Reviewed by Connor Dealing:
Adult Night at Skate World is captivating and offers us a sort of expose to the underbelly of what can be the average life experience. Average does not equate to the unspectacular more than it does the commonly overlooked. Self-discovery, romance, and friendship are all part of the unforgettable journey within this read. The collection lands within narrative poetry and is a story that I feel is universally shared. Each poem is delivered in a way that develops and evolves much like the narratives that are often featured in short stories.
Everything that happens is rooted in reality and it’s never suggested as otherwise but Kallery talks about this life in such a way that feels strategic. The mixture of Realism in the absurd formatted as a formal confession cuts deep and clean. Like the old charming guy with the groovy moves on skates at the teens skating rink, Kallery talks about that guy. Also, the old scraping van of the other old guy who once had dreams of being a rockstar. Tonally this reality is cold, clutching and unforgiving. But it’s also beautiful at the most unexpected moments and unabashedly robust much like real life. This is Christina Kallery’s first book. The writing feels so genuine at times that I wonder if there are even the smallest of elements that could be considered autobiographical.
The subject matter is plentifully diverse for being so congruently themed. It deals with growing up, finding oneself, and the complexity of relationships. Often one thing leads to another, and I think Kallery leans into this a bit. Heartbreak leads longing which leads to obsession which is then the deterioration of mental health. Something I read in this very clearly is the battle with age which is curious because I also read a lot of comfort in the nostalgic. “At The Dollar Store,” another poem within the book details the candy by the register so precious to us as children, and a crutch to our parents.
Important and sometimes confusing questions are asked that confront the reader effectively. Do we belong to the shoulders we choose to cry on? Do I have the right to be mad for being excluded? Adult Night at Skate World asks the big questions about identity, love, and the choices we make in life. Settings are intimate and nostalgic for anyone born before 2000. Memories that are specific and foundational to the outcome of a generation.

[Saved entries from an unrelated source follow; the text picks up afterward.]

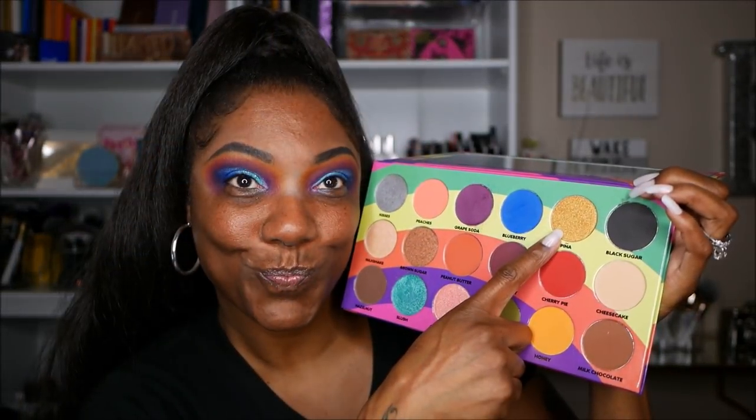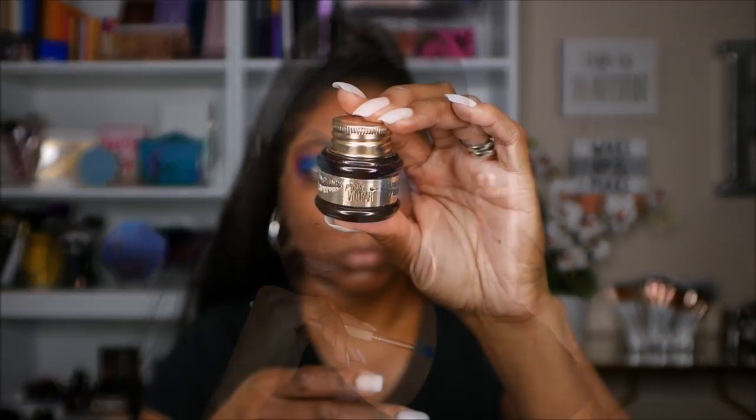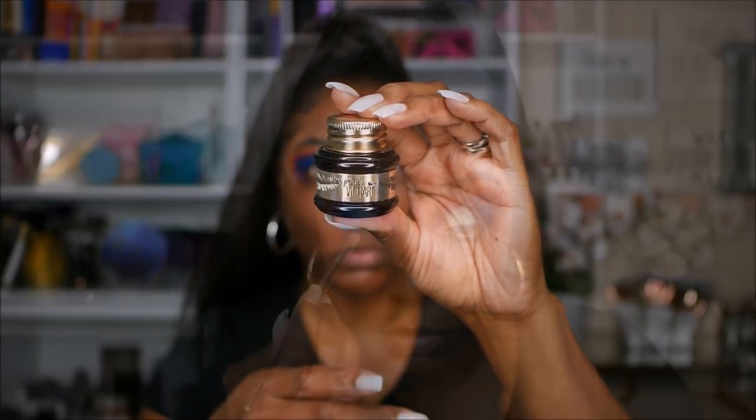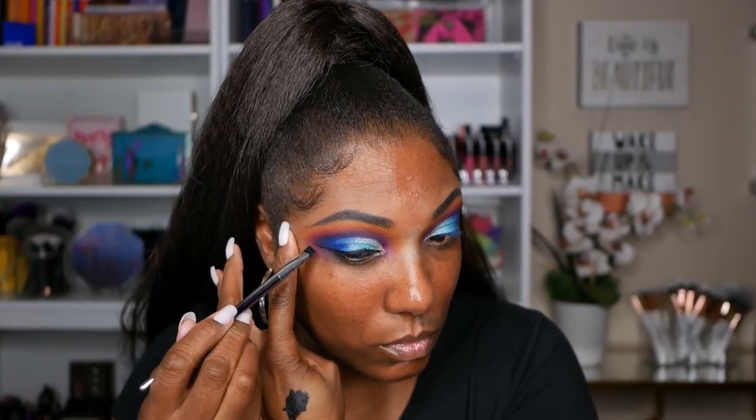Now I'm going into Pina which is a really gorgeous kind of yellow gold shimmer shadow. I'm just barely placing that on the inner corner of my eye, dragging it along the edge of that cut crease just to add a little bit of brightness. I'm making sure that I have the outer corners blended nicely, and I really like how this cut crease is turning out. So I'm going in with my Pretty Vulgar gel black eyeliner — just placed a little bit of that on my hand and I'm using that to create a nice thick wing liner for this look today.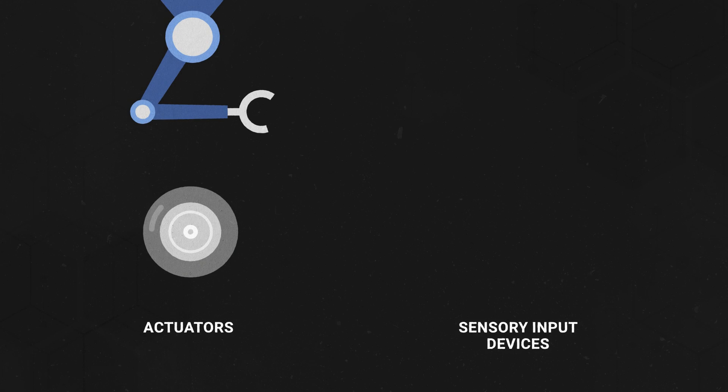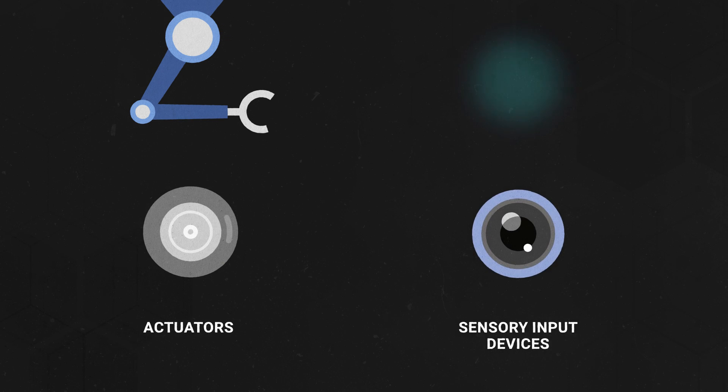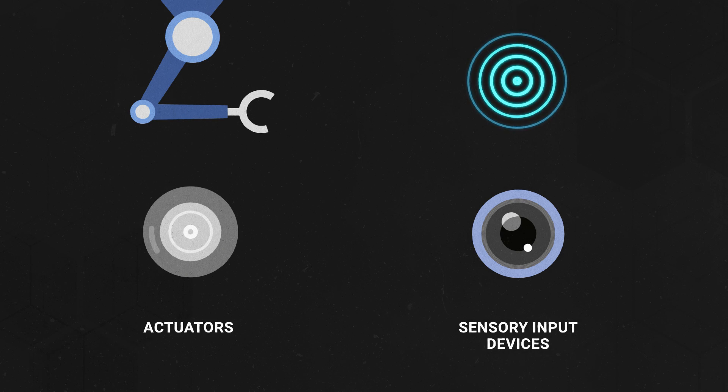How does physical AI work? It relies on two components: actuators and sensory input devices. Actuators, such as wheels or robotic arms, allow for movement and give machines the ability to manipulate physical objects. Sensory input devices, like cameras, sonar, and other environmental sensors, give machines the ability to learn about and interact with the world around them.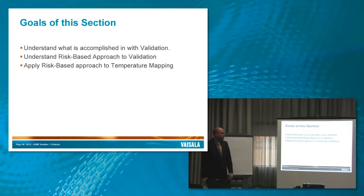The goals for this section are to understand what is accomplished in validation, understand a risk-based approach to validation, and understand what that means when we look at temperature mapping, because that's why we're all here.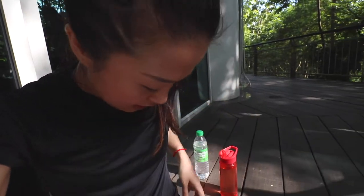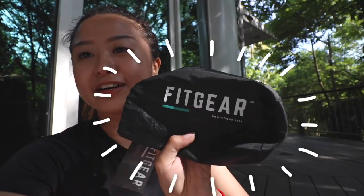I want to tell you guys about this top. So my friend actually sent this to me — he's working with this brand called Fitgear. They sell active wear. Oh, they are taking selfies without me — let me join first!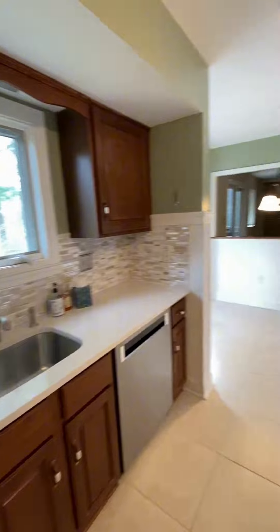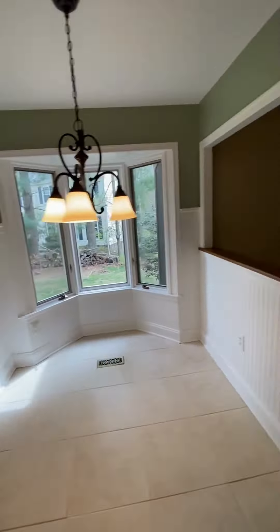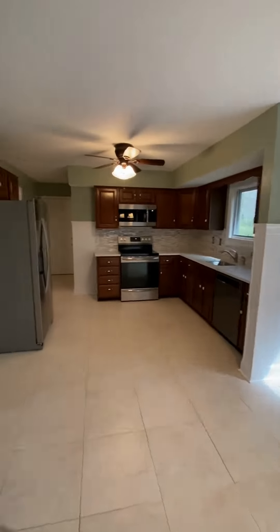The kitchen features stainless steel appliances, ample cabinet space, and granite countertops flowing seamlessly into the breakfast area. A cozy family room with a gas fireplace provides the perfect space for gatherings.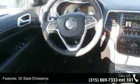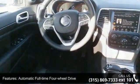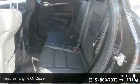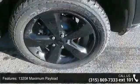1320 maximum payload, front and rear anti-roll bars, electro-hydraulic power assist steering, stainless steel exhaust, and permanent locking hubs. This vehicle shows low mileage and has a smooth ride.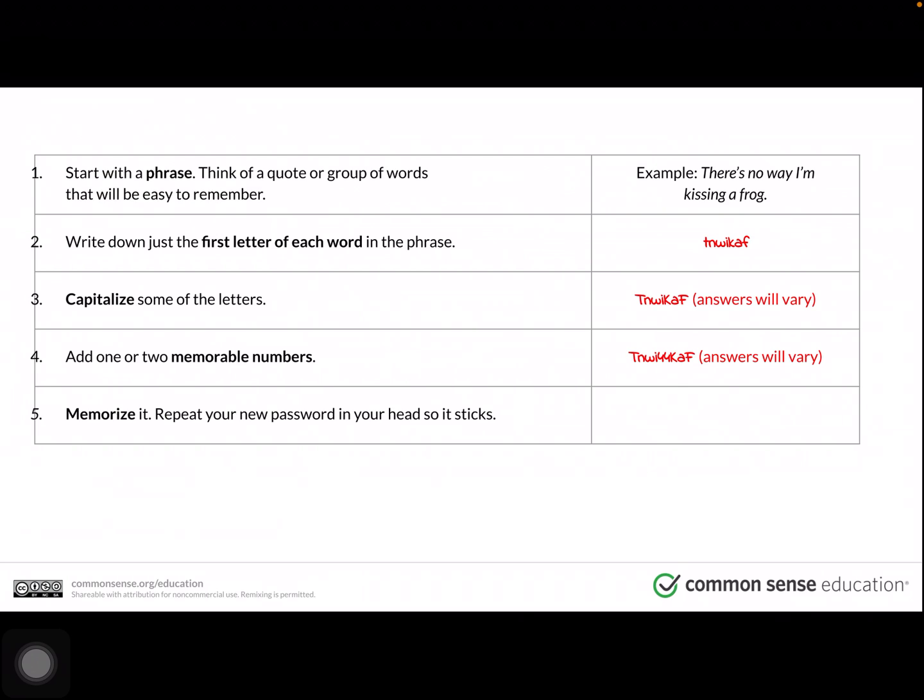Next, add one or two memorable numbers. In this case, the number 44 was added. So now we have capital T, lowercase n, W-I, 44, uppercase K, lowercase a, capital F. Your next step is to memorize it — repeat your new password in your head so it sticks.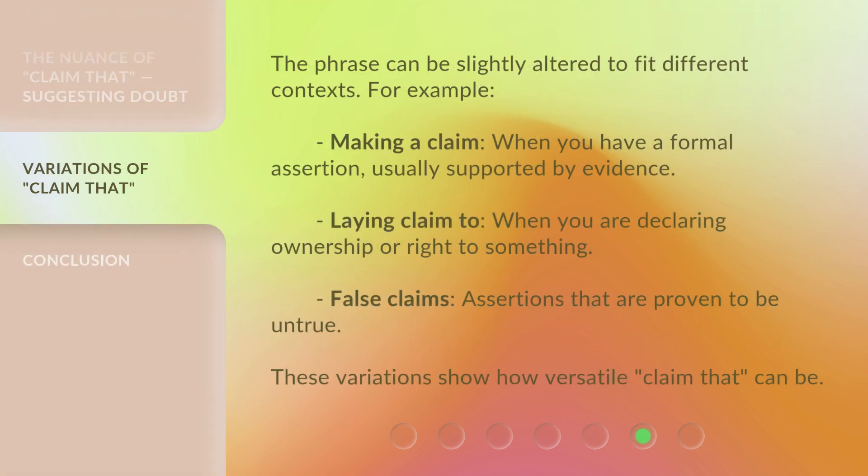The phrase can be slightly altered to fit different contexts. For example: 'Making a claim' — when you have a formal assertion, usually supported by evidence. 'Laying claim to' — when you are declaring ownership or right to something. 'False claims' — assertions that are proven to be untrue. These variations show how versatile 'claim that' can be.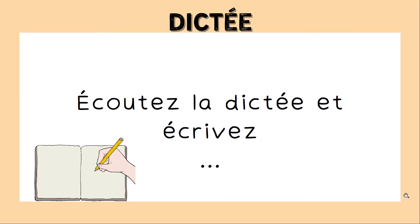Et a lieu le 2 février, point. C'est donc une tradition de manger des crêpes, le jour de la chandeleur, point.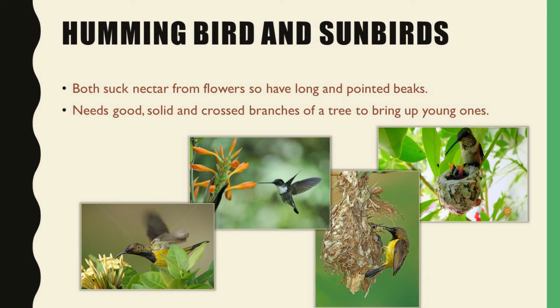Next are hummingbird and sunbirds. These both suck nectar from the flowers, so both have a long and pointed beak. These both need solid and crossed branches of the trees to bring up their young ones.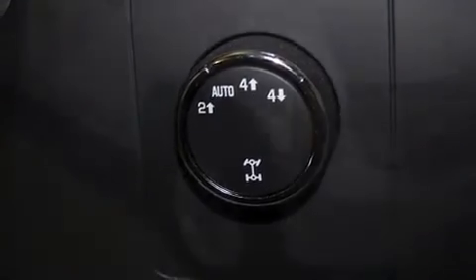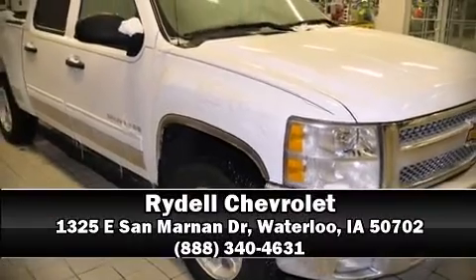We'd love to show you this vehicle in person. Call to schedule a test drive today.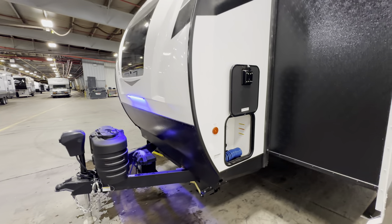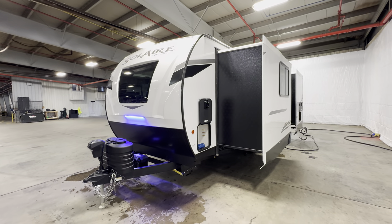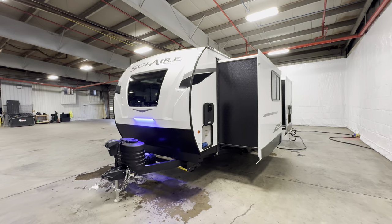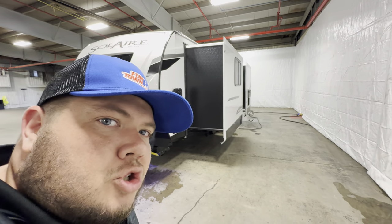But all right guys, I hope you guys enjoyed the tour. Hit that like and subscribe button. This is the 2024 Solaire 230 FKBS. My name is Hunter. Hope you guys had a good day. See ya.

I am not sure if there was a main character or protagonist. Who ever was telling the story more often seemed like a bystander or onlooker. That’s not to say nothing happens in first person because it does, but still, it is usually to recall a fond memory. Maybe even rant about a bad one. It explores the idea that our past experiences shape who we are and how we view the world.
I think the premise seeks to connect with not just a wider audience but every one who still feels like their growing up or can’t get enough of their own nostalgia in an ever-changing world. This is for the ones that want to remember to be grateful for the pressure and grime that molded them. The poems are centered around a group of people who reunite at Skate World, the roller-skating rink they frequented during their teenage years. Each character has their own poems which detail their struggles and desires. The author’s vivid and detailed descriptions of the characters and their surroundings make it easy for readers to immerse themselves in the bigger story.
Overall, Adult Night at Skate World is a delightful and thought-provoking read. While there are some moments where the pacing feels slow, the world is built with expertise, and the writing is engaging. Fans of short stories and poetry alike will find this book to be a refreshing and enjoyable addition to their reading list. Kallery’s writing is both beautiful and accessible, and she has created a cast of characters that are easy to root for. The novel is a perfect choice for readers who are looking for a good rollercoaster that explores a full range of emotion leaving you feeling whole and complete by the end. It’s a reminder that no matter how lost we may feel in life, there is always hope for a brighter future if we follow our dreams and surround ourselves with people who believe in us.